No problem here. IE9 (Win7) and Safari 5.1.7 (OSx 10.6.8).


----------



## rusty spike (Jul 1, 2012)

Just opened it with IE8/WinXP


----------



## md (Oct 14, 2012)

PRR 60 said:


> No problem here. IE9 (Win7) and Safari 5.1.7 (OSx 10.6.8).


 Did you make any special settings


----------



## Guest (Oct 14, 2012)

how or what do you have to set to open Amtrack Guest Rewards using IE 8 and windows XP


----------



## PRR 60 (Oct 14, 2012)

md said:


> PRR 60 said:
> 
> 
> > No problem here. IE9 (Win7) and Safari 5.1.7 (OSx 10.6.8).
> ...


No.


----------



## Ryan (Oct 14, 2012)

Guest said:


> how or what do you have to set to open Amtrack Guest Rewards using IE 8 and windows XP


Try "Amtrak", not "Amtrack".


----------



## Mike (Oct 28, 2012)

whats the magic settings to open Amtrack Guest Rewards using XP and IE8. Please HELP


----------



## Anthony (Oct 28, 2012)

Sorry Mike, but you'll have to be far more specific about the problem you're experiencing.

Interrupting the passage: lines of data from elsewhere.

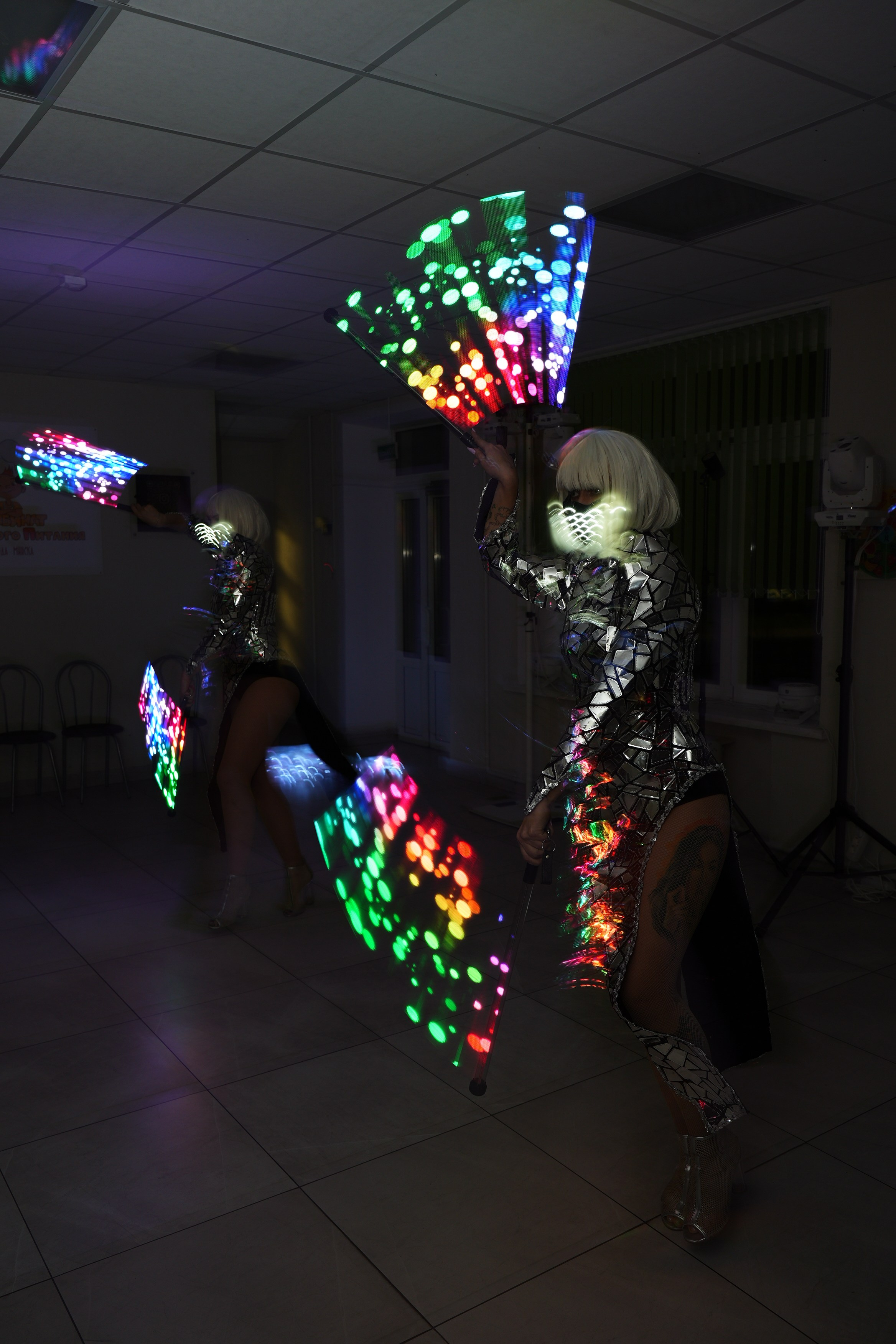 Выпускной СШ119. Семейный и свадебный фотограф Минск, Беларусь Анна Орловская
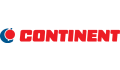 Continent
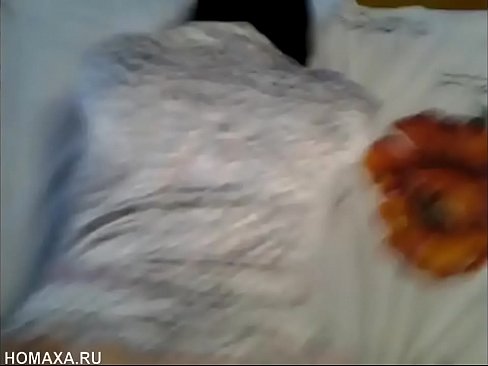 ❤️ Ficken seng Fra mat engem herrlechen Arsch ❌ Porno op lb.analizatorkrovi.ru ❌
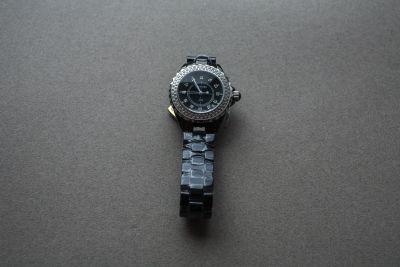 Лот: 17919537. Фото: 1. Женские часы Chanel. Распродажа... Другие наручные часы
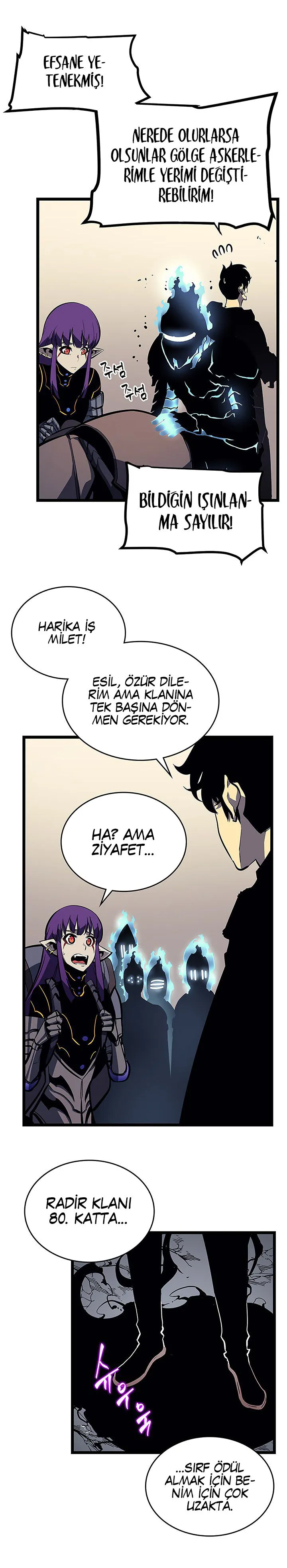 Bölüm 88 - Sayfa 18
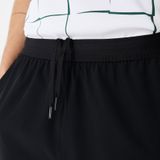  Short LCST Tennis Stretch GH8107 
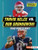 Travis Kelce vs. Rob Gronkowski (Who Would Win?) - 9798348028381 by Kelley Barth, 9798348028381
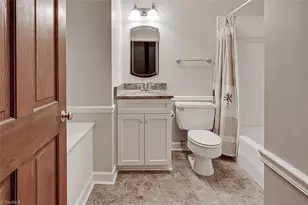 621 Mountain Rd, Asheboro, NC 27205 - Photo 27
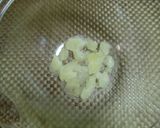 ★和栗で作る美味しい*モンブラン*№2♪作り方15写真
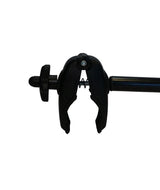 Additional kit for 3rd bike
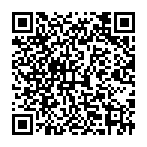 www.house-info.idv.tw房屋網-高樹公寓,高樹公寓出售,高樹公寓買賣-QRCode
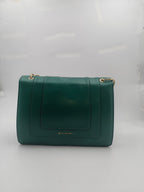 Bvlgari Green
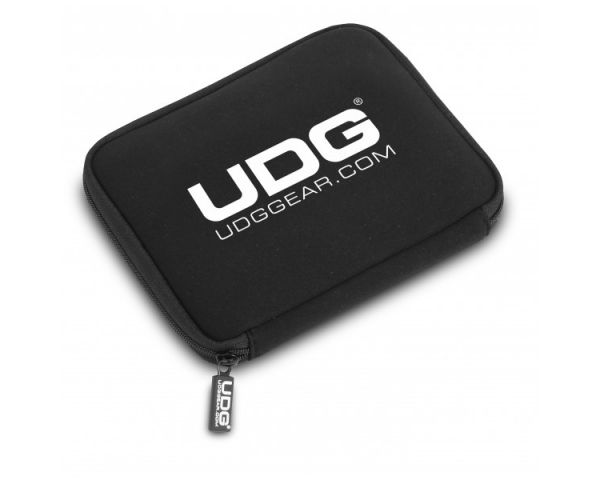 UDG U9963BL ULITMATE NI AUDIO 10 NEOPRENE SLEEVE
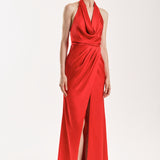DALERIA DRESS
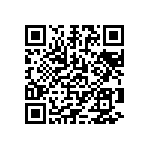 1111Y1509P10CQT QRCode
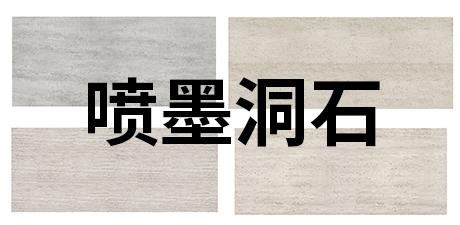 20231120155443054305 jbo竞博·(电竞)Dota2、LoL、CSGO等电较量事竞猜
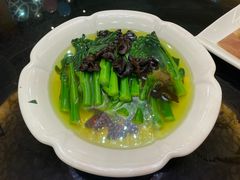 -东江海鲜酒家(艺都分店)
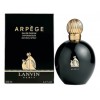 Lanvin Arpege woman Lanvin Arpege woman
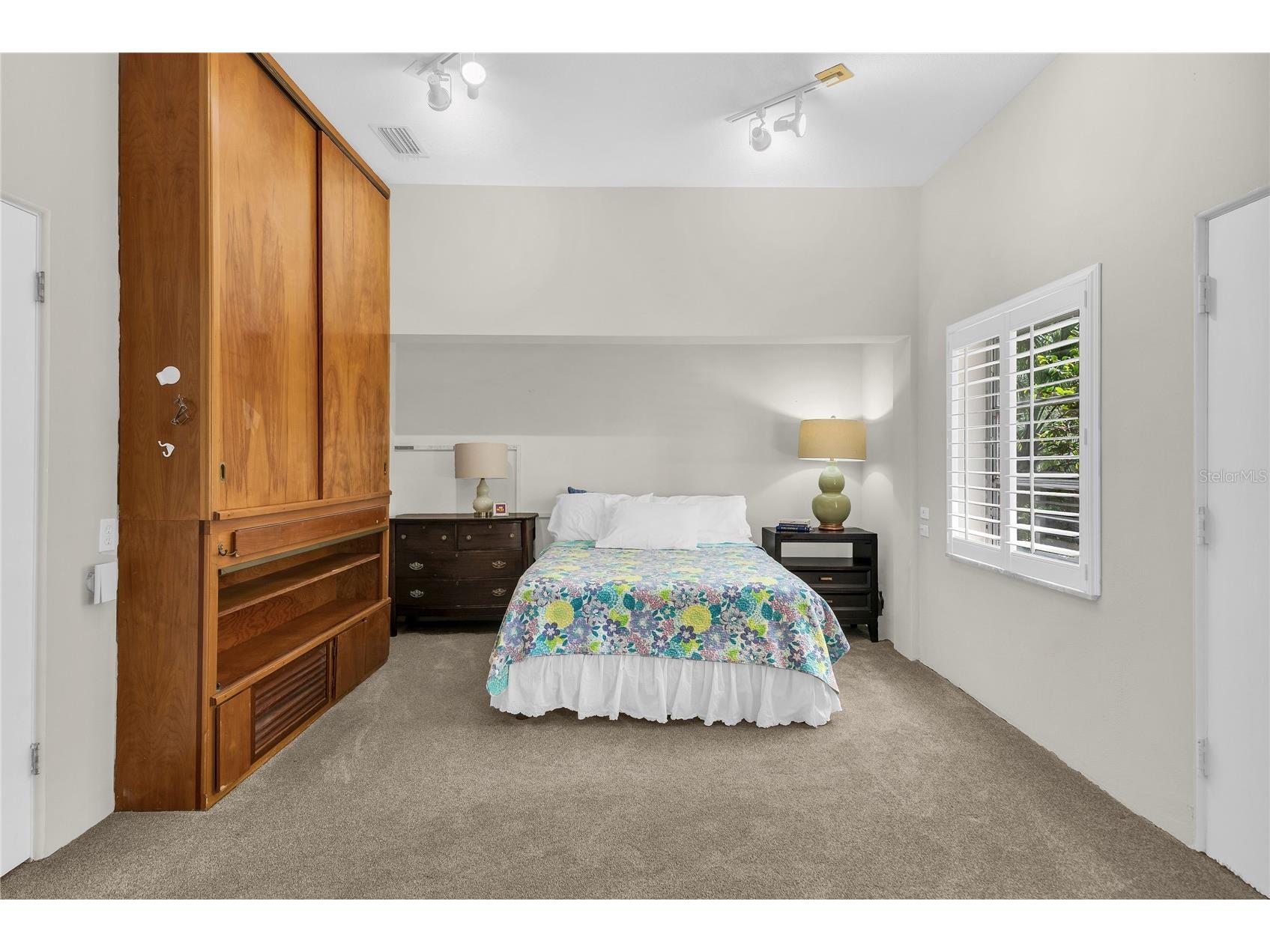 1225 Austin Road Orlando FL 32806 O6397434 image34
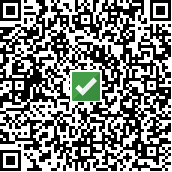 Healthcare Providers Similar to 1093700312 NPI Number | NPI Registry | www.DataLabs.Health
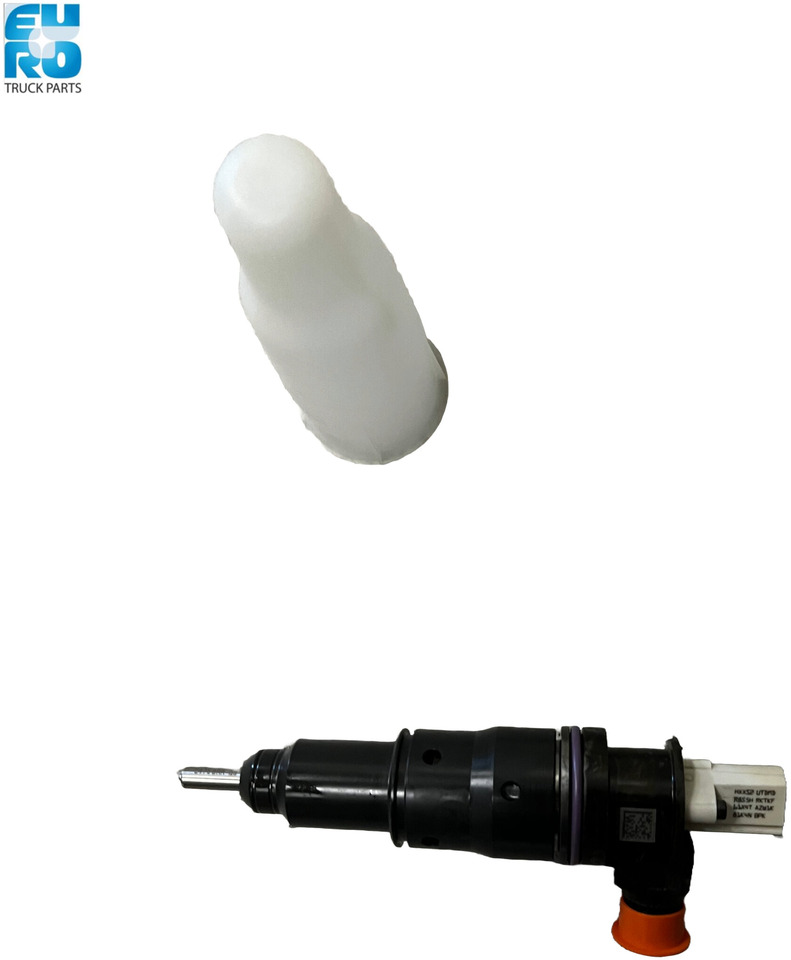 VO.FM11,RVI T D11K 13-INJECTOR 7422282199 - Inyector para Camión: foto 2 VO.FM11,RVI T D11K 13-INJECTOR 7422282199 - Inyector para Camión: foto 2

I encounter no problems accessing AGR's site using XP and IE8.


----------



## Ryan (Oct 28, 2012)

Ryan said:


> Guest said:
> 
> 
> > how or what do you have to set to open Amtrack Guest Rewards using IE 8 and windows XP
> ...


----------



## tomfuller (Oct 28, 2012)

Try going to the Amtrak.com/home page and go to the top right tab and go in from the drop down box (3rd one down).

Do you have points you want to trade in or do you just want to join?


----------



## PPorro (Oct 28, 2012)

Here's the link, just in case you are typing something wrong...

https://www.amtrakguestrewards.com/home/index


----------